Short descriptive text snippets:
============================================================

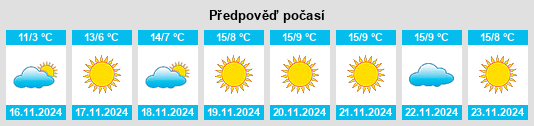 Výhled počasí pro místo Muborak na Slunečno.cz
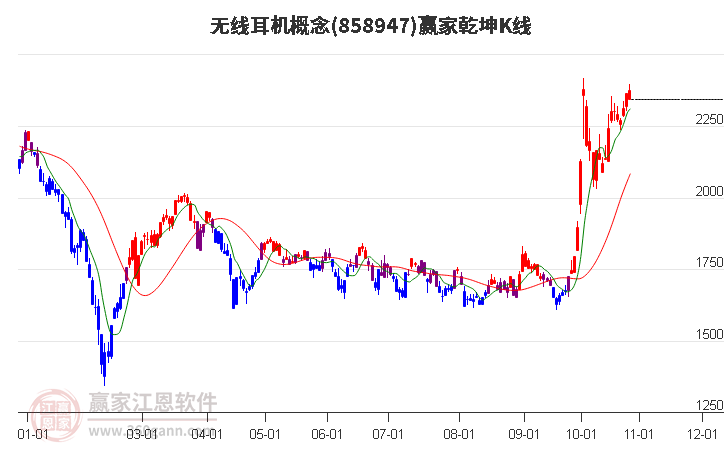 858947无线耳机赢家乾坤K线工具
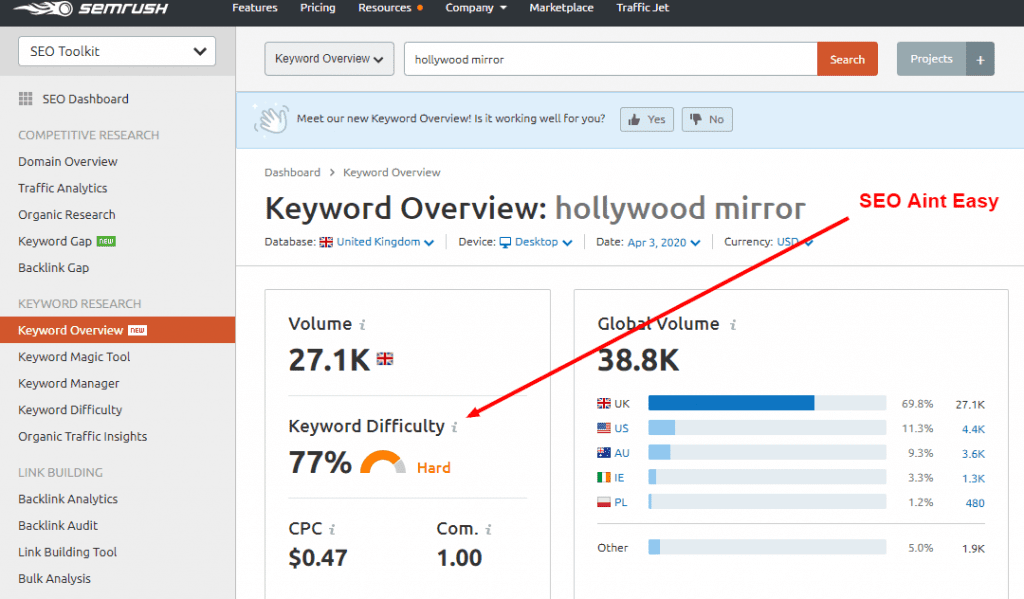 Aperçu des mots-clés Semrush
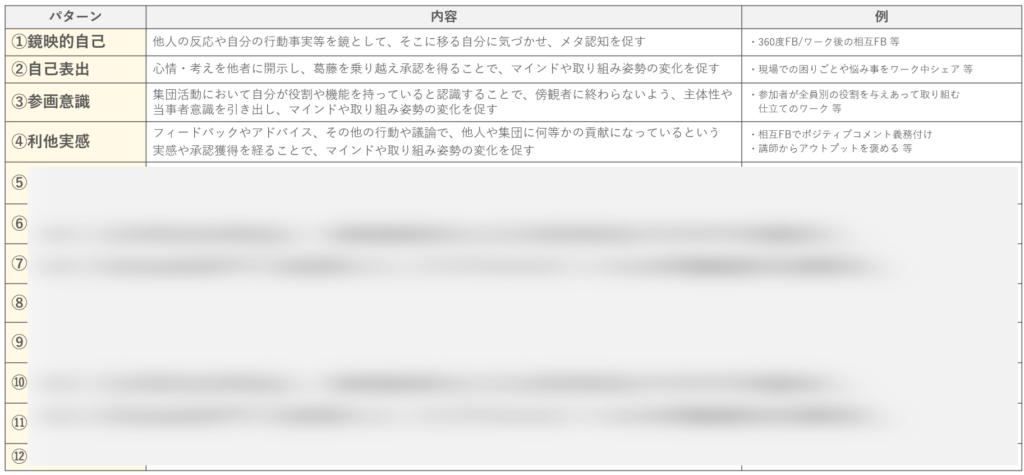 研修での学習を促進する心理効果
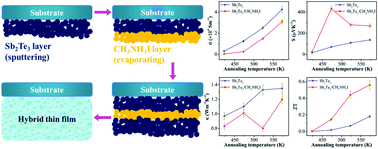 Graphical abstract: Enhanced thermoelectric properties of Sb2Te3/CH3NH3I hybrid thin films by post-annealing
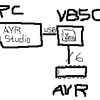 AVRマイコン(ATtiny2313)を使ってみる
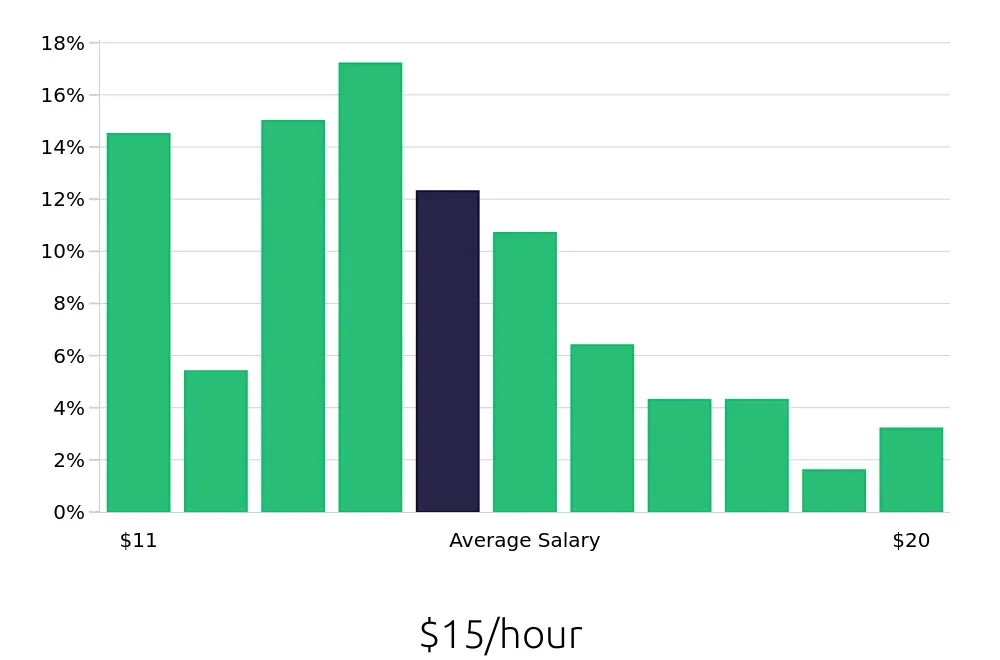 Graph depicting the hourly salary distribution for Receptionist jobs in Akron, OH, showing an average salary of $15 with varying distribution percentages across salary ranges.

============================================================

**Goal of the exercise**.
Print every entry above again, exactly as written. Leave the images out.

**Answer space**.
 Výhled počasí pro místo Muborak na Slunečno.cz
 858947无线耳机赢家乾坤K线工具
 Aperçu des mots-clés Semrush
 研修での学習を促進する心理効果
 Graphical abstract: Enhanced thermoelectric properties of Sb2Te3/CH3NH3I hybrid thin films by post-annealing
 AVRマイコン(ATtiny2313)を使ってみる
 Graph depicting the hourly salary distribution for Receptionist jobs in Akron, OH, showing an average salary of $15 with varying distribution percentages across salary ranges.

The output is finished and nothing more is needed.